Task to carry out:
Every line of the listing that contains the word "Blue" is to be copied out.

── Data to use ──

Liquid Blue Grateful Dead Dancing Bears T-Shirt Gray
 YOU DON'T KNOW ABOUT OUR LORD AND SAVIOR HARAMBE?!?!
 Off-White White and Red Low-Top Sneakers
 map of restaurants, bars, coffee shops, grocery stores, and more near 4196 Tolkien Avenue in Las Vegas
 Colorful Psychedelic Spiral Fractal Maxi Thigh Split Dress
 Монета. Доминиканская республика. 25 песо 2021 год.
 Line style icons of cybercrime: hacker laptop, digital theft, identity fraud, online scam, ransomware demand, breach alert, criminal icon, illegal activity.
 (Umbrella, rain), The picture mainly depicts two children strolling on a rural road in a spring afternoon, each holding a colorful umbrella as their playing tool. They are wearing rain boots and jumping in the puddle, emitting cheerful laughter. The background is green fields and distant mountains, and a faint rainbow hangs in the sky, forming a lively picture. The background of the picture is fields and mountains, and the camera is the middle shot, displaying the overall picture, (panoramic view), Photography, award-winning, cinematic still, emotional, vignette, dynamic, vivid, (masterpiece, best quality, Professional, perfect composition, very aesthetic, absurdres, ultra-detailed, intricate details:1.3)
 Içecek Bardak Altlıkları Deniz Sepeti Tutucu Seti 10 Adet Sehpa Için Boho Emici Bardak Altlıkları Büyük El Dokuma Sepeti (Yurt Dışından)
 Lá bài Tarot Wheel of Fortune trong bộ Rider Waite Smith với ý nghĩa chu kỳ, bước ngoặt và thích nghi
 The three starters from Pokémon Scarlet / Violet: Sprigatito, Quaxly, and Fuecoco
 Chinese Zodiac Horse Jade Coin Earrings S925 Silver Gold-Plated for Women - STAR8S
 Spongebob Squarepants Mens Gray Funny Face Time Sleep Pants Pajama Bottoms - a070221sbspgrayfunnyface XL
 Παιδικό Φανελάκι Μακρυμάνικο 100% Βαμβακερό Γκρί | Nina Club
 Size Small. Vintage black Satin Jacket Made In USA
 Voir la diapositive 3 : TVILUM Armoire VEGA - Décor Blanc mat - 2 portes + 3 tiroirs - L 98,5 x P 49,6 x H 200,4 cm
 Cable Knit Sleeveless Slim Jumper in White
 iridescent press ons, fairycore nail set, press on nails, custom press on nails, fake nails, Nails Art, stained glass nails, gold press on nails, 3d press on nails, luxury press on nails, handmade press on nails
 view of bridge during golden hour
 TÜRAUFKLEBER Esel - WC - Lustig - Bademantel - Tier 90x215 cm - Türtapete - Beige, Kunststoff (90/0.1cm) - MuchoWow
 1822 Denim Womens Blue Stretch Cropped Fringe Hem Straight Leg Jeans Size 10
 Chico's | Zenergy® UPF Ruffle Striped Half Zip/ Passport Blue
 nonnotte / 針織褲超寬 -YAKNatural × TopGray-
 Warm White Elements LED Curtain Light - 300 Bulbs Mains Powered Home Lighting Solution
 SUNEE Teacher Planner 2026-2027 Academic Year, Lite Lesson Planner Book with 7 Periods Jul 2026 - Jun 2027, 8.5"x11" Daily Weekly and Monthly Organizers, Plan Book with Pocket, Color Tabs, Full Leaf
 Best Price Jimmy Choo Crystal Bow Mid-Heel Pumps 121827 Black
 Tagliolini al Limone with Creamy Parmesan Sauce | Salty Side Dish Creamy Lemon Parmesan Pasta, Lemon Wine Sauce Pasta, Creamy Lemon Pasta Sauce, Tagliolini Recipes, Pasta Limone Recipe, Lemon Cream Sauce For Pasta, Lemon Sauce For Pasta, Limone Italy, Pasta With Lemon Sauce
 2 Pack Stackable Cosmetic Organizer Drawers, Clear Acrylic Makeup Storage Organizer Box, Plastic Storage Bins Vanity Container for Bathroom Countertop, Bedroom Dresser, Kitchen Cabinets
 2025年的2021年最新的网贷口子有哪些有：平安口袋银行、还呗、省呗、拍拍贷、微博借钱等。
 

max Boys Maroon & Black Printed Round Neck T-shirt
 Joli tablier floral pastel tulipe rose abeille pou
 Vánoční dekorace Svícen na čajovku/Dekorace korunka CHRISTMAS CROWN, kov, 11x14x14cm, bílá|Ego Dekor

───

Reply to the task:
Liquid Blue Grateful Dead Dancing Bears T-Shirt Gray
 1822 Denim Womens Blue Stretch Cropped Fringe Hem Straight Leg Jeans Size 10
 Chico's | Zenergy® UPF Ruffle Striped Half Zip/ Passport Blue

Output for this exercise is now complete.